L'histoire étudie les constructions sociales, les politiques ou les interactions humaines, afin de permettre à tout un chacun de mieux s'inspirer du passé, des réussites comme des erreurs, pour construire l'avenir. Mais l'étude historique ne juge pas les faits. C'est aux descendants, héritiers successifs de ce passé, de tirer les leçons des événements qui composent notre récit commun. C'est aux hommes et aux femmes politiques qui les représentent de savoir prendre leurs responsabilités pour assumer cette histoire, même ses parts les plus sombres. Et lorsqu'on est un vieux pays d'un vieux continent qui a connu une histoire riche et diverse depuis tant de siècles, il faut savoir regarder son passé en face. C'est exactement ce qu'a fait avec courage le Président Jacques Chirac, le 16 juillet 1995, en reconnaissant la responsabilité de l'État français dans les atrocités qui avaient été commises au cours de la Seconde Guerre mondiale. Et c'est l'honneur de ce Président, l'honneur de la France, que d'avoir su reconnaître sans détours l'implication de certaines autorités françaises dans ces heures sombres.

À l'heure où certains voudraient refaire l'histoire et lancer dans le débat public des discussions qui n'ont plus lieu d'être, on ne peut que se féliciter que ce projet de loi, qui reprend des recommandations de la Commission pour l'indemnisation des victimes de spoliations, nous soit soumis. Dans la mesure où, selon le rapport Mattéoli, une centaine de milliers d'œuvres ont été pillées en France durant la Seconde Guerre mondiale, les autorités françaises doivent faire preuve de la plus grande vigilance lorsque des achats sont effectués pour les collections publiques. Et, puisqu'on estime que seules 45 000 œuvres ont été rendues à leurs ayants droit, je voudrais savoir si un contrôle s'exerce aussi sur les ventes privées. L'art est de plus en plus perçu comme un investissement et son marché devient parfois opaque, tant et si bien que certaines œuvres ne quittent presque plus les coffres-forts ou les hangars portuaires surprotégés.

Dans ce contexte plein d'incertitudes, il faut saluer l'initiative commune de l'Institut national d'histoire de l'art et d'une université berlinoise de mettre en ligne des archives jusqu'ici protégées, afin de mieux connaître les réseaux des 150 principaux acteurs du marché de l'art parisien durant l'Occupation. Cette action permettra probablement de retrouver de très nombreuses œuvres et de nombreux ayants droit, qui ignorent encore toute une partie de leur histoire familiale. Comme il a pu le faire durant la dernière décennie avec les œuvres relevant du statut MNR, l'État adoptera-t-il une politique pour aller vers les ayants droit que ces archives permettront de retrouver ? La CIVS entend-elle travailler en collaboration avec ces historiens ?
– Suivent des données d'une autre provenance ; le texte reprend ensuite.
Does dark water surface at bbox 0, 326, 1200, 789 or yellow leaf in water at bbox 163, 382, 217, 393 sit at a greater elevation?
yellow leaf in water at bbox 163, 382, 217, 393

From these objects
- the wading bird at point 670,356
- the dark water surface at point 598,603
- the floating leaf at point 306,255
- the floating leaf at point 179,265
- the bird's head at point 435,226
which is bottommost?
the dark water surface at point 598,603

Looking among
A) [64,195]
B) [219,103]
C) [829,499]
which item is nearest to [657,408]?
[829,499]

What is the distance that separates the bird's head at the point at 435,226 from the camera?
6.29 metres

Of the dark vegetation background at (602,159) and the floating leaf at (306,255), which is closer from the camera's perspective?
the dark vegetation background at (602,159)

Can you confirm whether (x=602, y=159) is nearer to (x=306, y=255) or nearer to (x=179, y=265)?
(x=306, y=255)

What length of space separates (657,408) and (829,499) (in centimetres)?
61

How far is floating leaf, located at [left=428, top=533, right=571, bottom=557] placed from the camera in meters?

Quoi qu'il en soit, je tiens à vous remercier, madame la ministre, madame la rapporteure, pour votre travail et votre engagement. Cet engagement continue, puisque je crois savoir que le Gouvernement a déposé un amendement prévoyant la restitution d'une œuvre supplémentaire. Le groupe UDI et Indépendants soutient votre initiative et se félicite que nous puissions avancer sur ce sujet avant la fin du quinquennat.